Note: This answer was merged into this question from a different question that asked about the differences between forests, child domains, trees, sites, and OUs. This was not originally written as an answer to this specific question.


Forest

You want to create a new forest when you need a security boundary. For example, you may have a perimeter network (DMZ) that you wish to manage with AD, but you don't want your internal AD available in the perimeter network for security reasons. In this case, you would want to create a new forest for that security zone. You may also want this separation if you have multiple entities that do not trust each other - for example a shell corporation that encompasses individual businesses that operate independently. In this case, you'd want each entity to have its own forest.


Child Domain

Really, you don't need these any more. There are few good examples of when you would want a child domain. A legacy reason is because of different password policy requirements, but this is no longer valid, as there are Fine-Grained Password Policies available since Server 2008. You really only need a child domain if you have areas with incredible poor network connectivity and you want to drastically reduce replication traffic - a cruise ship with satellite WAN connectivity is a good example. In this case, each cruise ship may be its own child domain, so as to be relatively self-contained while still being able to leverage the benefits of being in the same forest as other domains from the same company.


Tree

This is an odd-ball. New trees are used when you want to maintain the management benefits of a single forest but have a domain in a new DNS namespace. For example corp.example.com may be the forest root, but you could have ad.mdmarra.com in the same forest using a new tree. The same rules and recommendations for child domains apply here - use them sparingly. They're usually not needed in modern ADs.


Site

A site should represent physical or logical boundary in your network. For example, branch offices. Sites are used to intelligently select replication partners for domain controllers in different areas.
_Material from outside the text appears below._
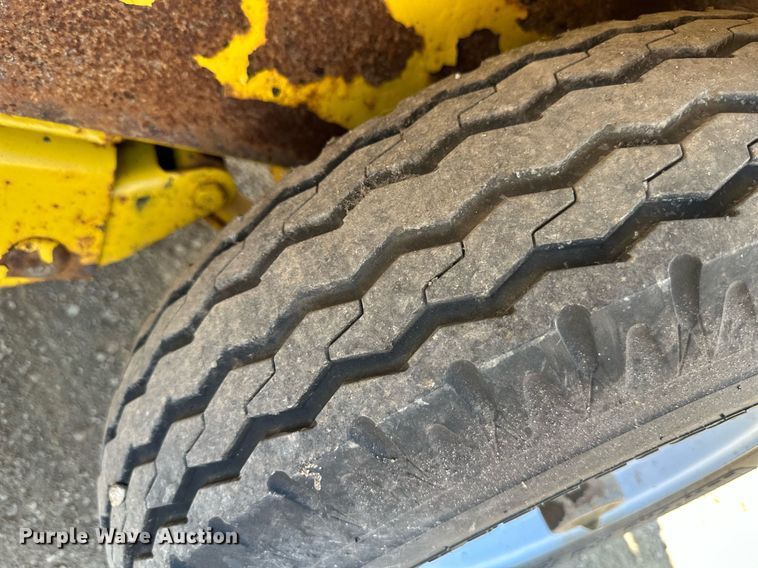 image for item DO5137 2011 Falcon  bituminous mix trailer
Without defining sites, all DCs will be treated as if they were in the same physical location and replicate in a mesh topology. In practice, most organizations are configured in a hub-and-spoke logically, so sites and services should be configured to reflect this.

Other applications also use Sites and Services. DFS uses it for namespace referrals and replication partner selection. Exchange and Outlook use it to find the "nearest" global catalog to query. Your domain-joined computers use it to locate the "nearest" DC(s) to authenticate against. Without this, your replication and authentication traffic are like the Wild West.


Organizational Unit

These should be created in a way that reflects your organization's need for delegation of permission and group policy application. Many organizations have one OU per site, because they apply GPO that way - this is silly, because you can apply GPO to a site from Sites and Services as well. Other organizations separate OUs by department or function. This makes sense for many people, but really OU design should meet your needs and is rather flexible. There's no "one way" to do it.

A multinational company may have top-level OUs of North America, Europe, Asia, South America, Africa so that they can delegate administrative privileges based on continent. Other organizations may have top-level OUs of Human Resources, Accounting, Sales, etc if that makes more sense for them. Other organizations have minimal policy needs and use a "flat" layout with just Employee Users and Employee Computers. There's really no right answer here, it's whatever meets your company's needs.